AGENDA nasional untuk 20 Mei 2015 meliputi peringatan 107 tahun Hari Kebangkitan Nasional, dan 17 tahun reformasi. Untuk Kebangkitan Nasional, kini bangsa kita telah berdaulat sebagai bangsa merdeka, sejajar dengan bangsa-bangsa lain. Itu secara politik. 

Namun, dalam sosial ekonomi dan iptek, masih tertinggal dari bangsa-bangsa lain. Reformasi merupakan tahapan sejarah bangkitnya kesadaran bangsa untuk meretas semua kendala penyebab ketertinggalan itu. Tapi setelah 17 tahun reformasi, hasilnya masih jauh dari memuaskan. Usaha meningkatkan kesejahteraan rakyat, terutama pada lapisan sosial terbawah, belum optimal.

Hambatan utama usaha memajukan kesejahteraan rakyat itu sejak era Orde Baru, terutama pada gairah korupsi yang tinggi pada pejabat dan penyelenggara negara. Prioritas pengelolaan anggaran negara dan daerah adalah untuk memperkaya diri para pejabat dan kroninya. 

Karena itu, kegiatan memberantas korupsi ditegaskan pentingnya dalam reformasi. Tapi, nyatanya di periode awal reformasi korupsi justru tambah marak, para politikus di parlemen pusat dan daerah semakin ramai yang terlibat korupsi. 

Saat penindakan korupsi mulai tajam, selain politikus juga jajaran penegak hukum diungkap korupsinya, ketajaman penindakan korupsi itu justru ditumpulkan kembali. Ketajaman penindakan korupsi pada aparat penegak hukum itu untuk membersihkan sapu dalam penegakan hukum. Dalam membersihkan negara dari korupsi, kalau sapunya kotor lantai bersih yang disapu malah ikut jadi kotor. Menjelang 20 Mei, penumpulan itu jadi keprihatinan. 

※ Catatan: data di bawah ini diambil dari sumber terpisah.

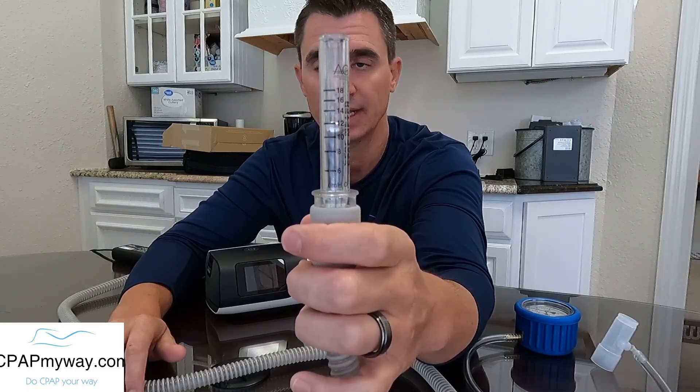If you're getting a reading that is low, there's a chance that you have a setting in the machine turned on. For instance, in the AirSense 11 that would be EPR — your exhalation pressure relief setting. In a Philips machine it would be Flex; Luna is ResLex; other brands have similar settings. Those settings reduce the pressure when you exhale, but they can also leave the pressure reduced when you're checking it on a manometer, because there's enough resistance on the manometer that the machine thinks you're exhaling and drops the pressure, making the gauge read a little low.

Hal berikutnya penghambat peningkatan kesejahteraan rakyat adalah rendahnya kemampuan aparat birokrasi dalam menjalankan program pemerintah. Contohnya dalam pelaksanaan harga gabah dan beras petani. Menurut Inpres Nomor 5/2015 tanggal 17 Maret 2015, harga gabah petani Rp3.700/kg dan beras Rp7.300/kg. 

Tapi hasil pemantauan Menteri Pertanian Andi Amran Sulaiman, di seluruh Tanah Air petani hanya menerima hasil penjualan gabah Rp3.000—Rp3.400/kg, dan beras Rp6.700—Rp7.200/kg. Padahal, harga beras di pasar Rp7.500—Rp10.500/kg. (detik.com, 14/5) Akibatnya, petani selalu mendapat harga lebih rendah. 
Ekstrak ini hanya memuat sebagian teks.